If Whitehouse thinks that the only problem with PIPA was that it tinkered with the internals of the Internet, he was sadly mistaken. That was only one problem. On a Netroots panel, Steven DeMaura of the conservative Americans for Job Security, said it was the ability of companies to bring their own law suits that energized his group. There are many provisions to which conservatives, progressives, pro-Internet activists of all sorts, objected.
While Whitehouse and Cardin want to do "something" on piracy, it's not the sit-down with organizations and companies that will solve the issue. Even if Wikipedia or Reddit or Tumblr were admitted to the club, saying that a small group can work out the problem in isolation won't cut it. A wider, public discussion should take place, starting with an honest assessment of the problem. Whitehouse and Cardin still accept the supposed "harms" of piracy from the entertainment industry -- figures which no one else has been able to replicate or justify.
Neither mentioned anything about the entertainment industries trying harder to solve their problems by allowing more consumer access to content. Limiting access to movies or TV shows, or even making it impossible to see programs or movies online because of arbitrary release dates hurts the content business. Making some content subject to data caps and other content exempt hurts consumers.
Failing to recognize research that contradicts the old, unproven saws (accepted by government without confirming evidence) about potential losses from piracy and loss of jobs. While entertainment leaders are great at talking about their studies "proving" losses from piracy, they ignore other research showing that downloaders also buy the most music and other content.
From the Wyden/Issa viewpoint, an Internet Bill of Rights is a fine idea. Issa has proposed some language for one such Bill of Rights, which he said would cover SOPA and PIPA under the right to an "unobstructed Internet." (Issa in the past has voted for bills to toughen copyright enforcement, including the Pro-IP Act that increased government seizure forfeiture authority, which is what the government uses to justify seizing Internet domains.)

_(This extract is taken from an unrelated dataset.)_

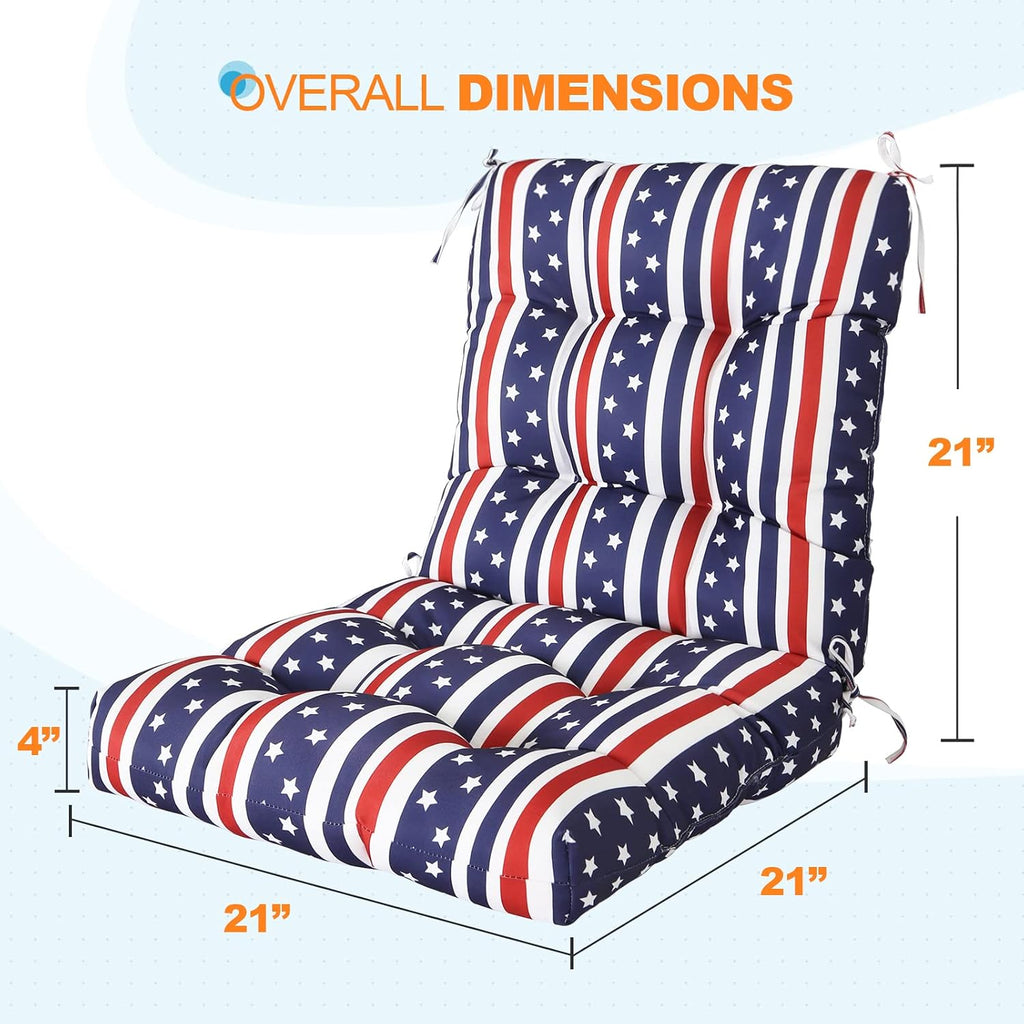 EAGLE PEAK Tufted Outdoor/Indoor Seat/Back Chair Cushions, 2 Pack, 42'' x 21'', American Flag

Another Bill of Rights-like effort is on Reddit. Others are starting to draft their own versions. Public Knowledge has an Internet Blueprint. These are all worthwhile endeavors. Even if they remain as intangible principles, there is some public value in having them debated and accepted. As Wyden said at PDF, such a document could be used as a benchmark against which legislation could be measured and he thought perhaps half of the Congress could support it given enough time. That seems optimistic.
The question will be whether such a Bill of Rights to protect Internet users would prohibit the abuses proposed in PIPA and SOPA. The conflict between those values will be a debate worth having, and it will be interesting to see where Congressional Netroots boosters come down when the conflict comes up again next year. Then the Netroots will know who their real friends are.